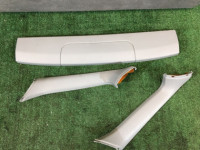 Tailgate trim SUBARU LANCASTER OEM 94320AE011AC BH9 BHE BH5 1999 white / grey 8K2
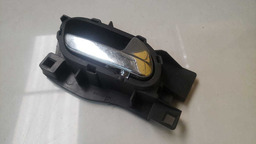 MAÇANETA INTERNA DIREITA PEUGEOT 308 2010 A 2015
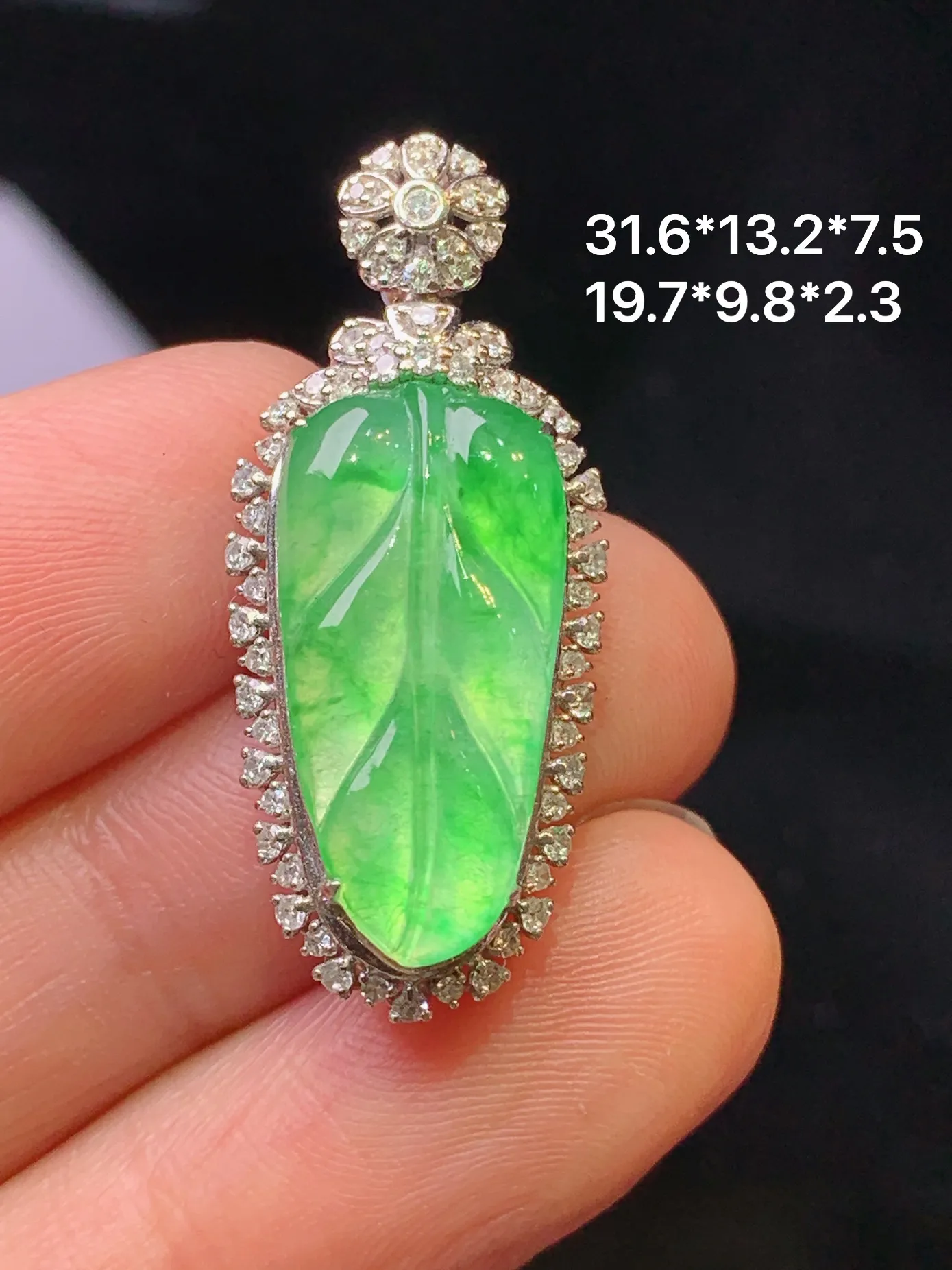 18金钻镶嵌翠绿树叶吊坠 玉质细腻 色泽清新艳丽 整体尺寸31.6*13.2*7.5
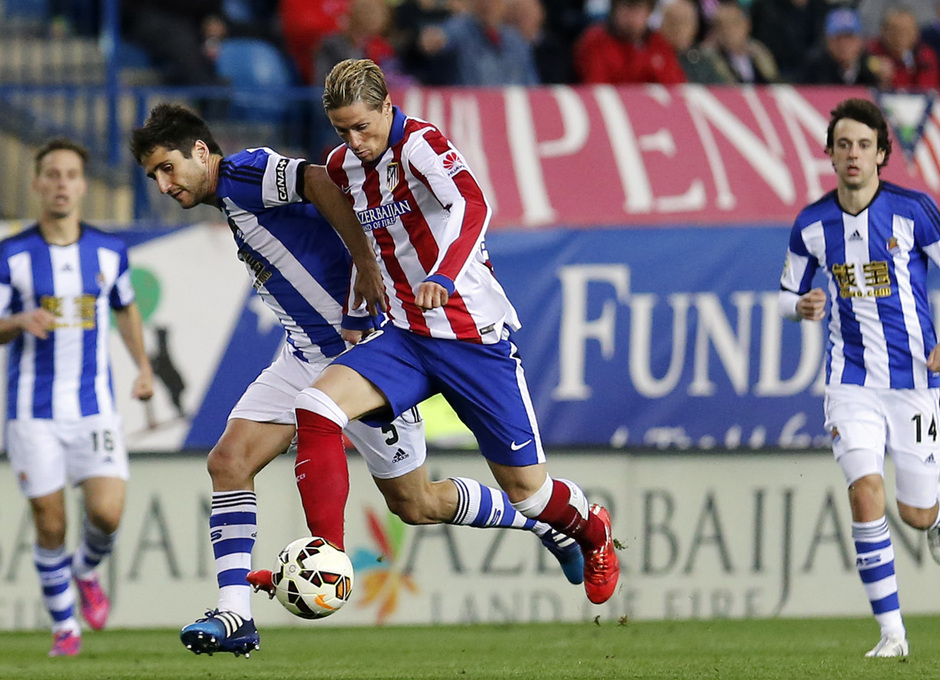 temporada 14/15. Partido Atlético de Madrid Real Sociedad. Torres controlando un balón durante el partido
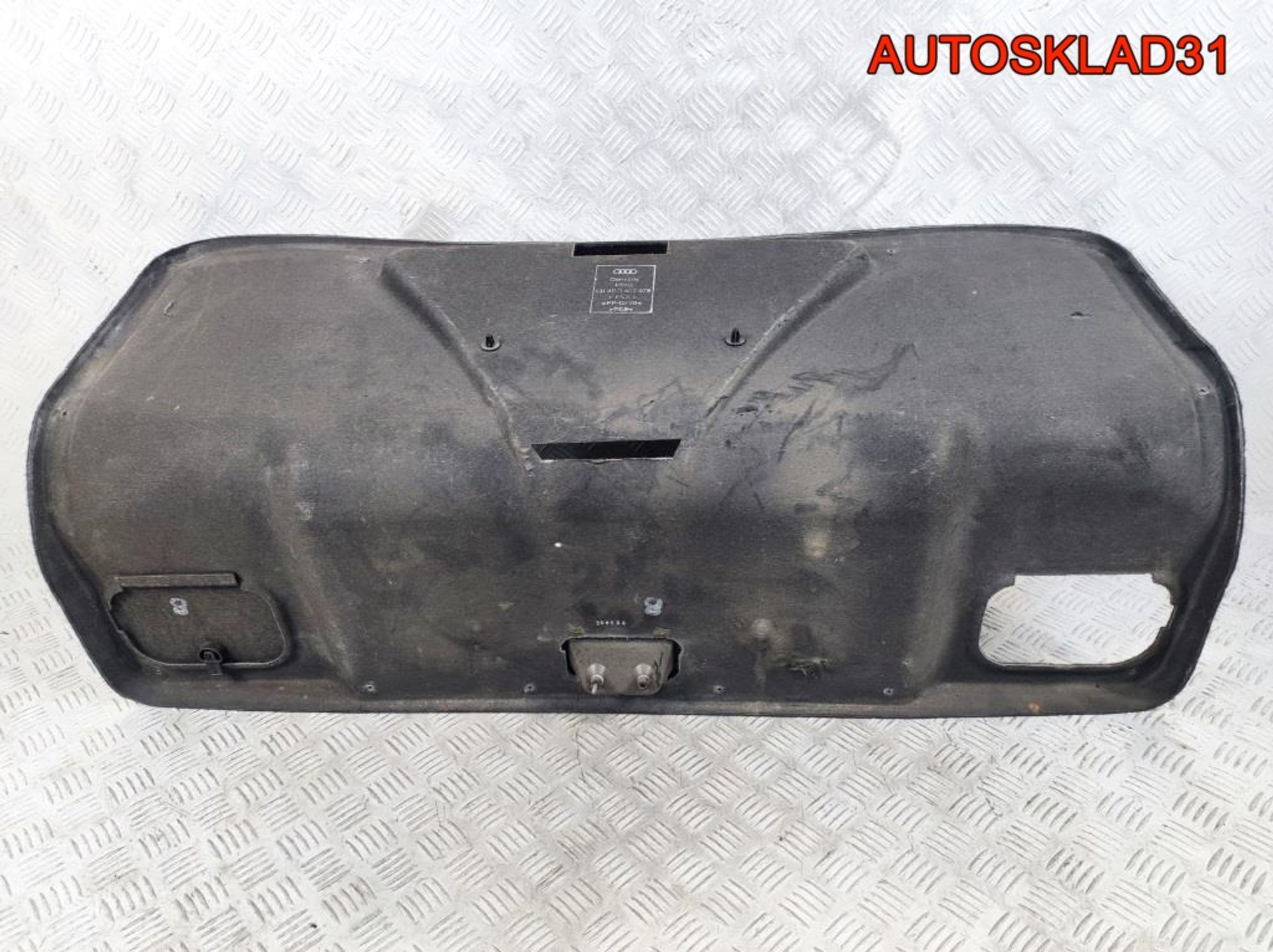 Обшивка крышки багажника Audi A8 D2 4D0867975, 1300 рублей, Дубовое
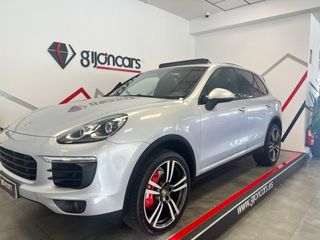 Porsche Cayenne 2015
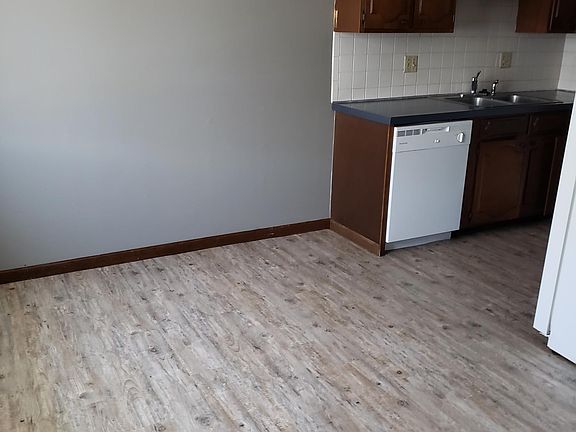 3rd image of 13835 E 35th Street Ct S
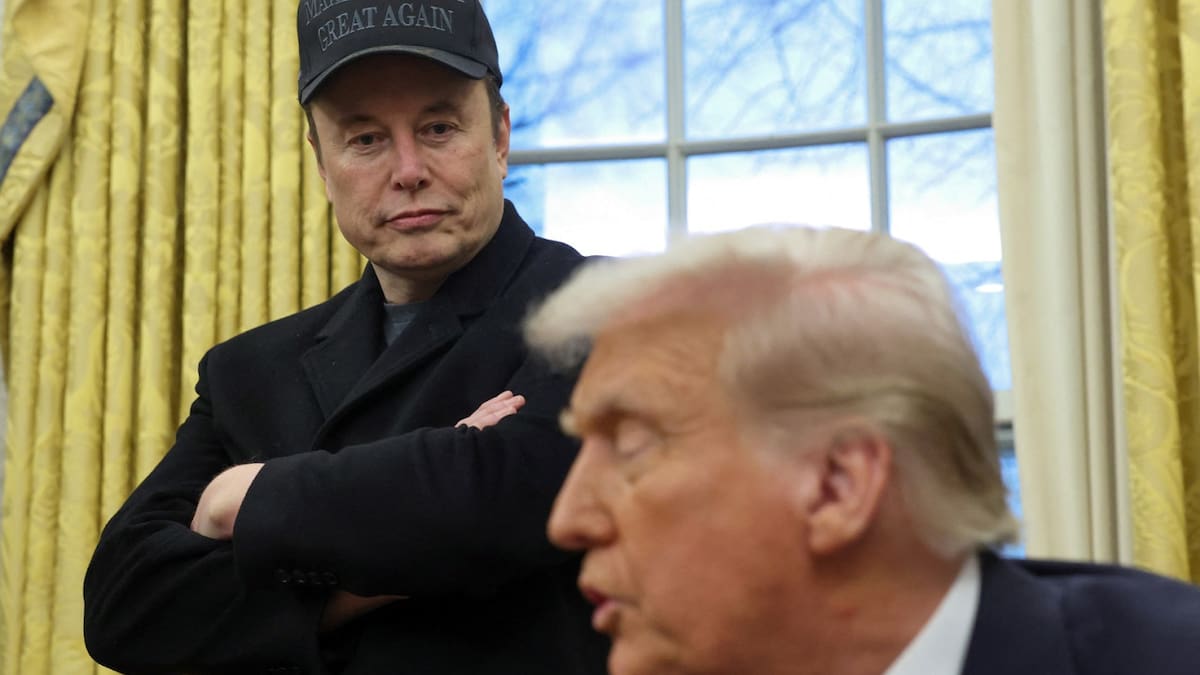 Elon Musk en la oficina de Donald Trump. Foto: Reuters/Kevin Lamarque.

********

TASK REQUIREMENTS
Both the first line of the records above and the line containing "Porsche Cayenne 2015" belong in the copy; please return them and every line between, exactly, minus the pictures.

EXERCISE RESULT
 Tailgate trim SUBARU LANCASTER OEM 94320AE011AC BH9 BHE BH5 1999 white / grey 8K2
 MAÇANETA INTERNA DIREITA PEUGEOT 308 2010 A 2015
 18金钻镶嵌翠绿树叶吊坠 玉质细腻 色泽清新艳丽 整体尺寸31.6*13.2*7.5
 temporada 14/15. Partido Atlético de Madrid Real Sociedad. Torres controlando un balón durante el partido
 Обшивка крышки багажника Audi A8 D2 4D0867975, 1300 рублей, Дубовое
 Porsche Cayenne 2015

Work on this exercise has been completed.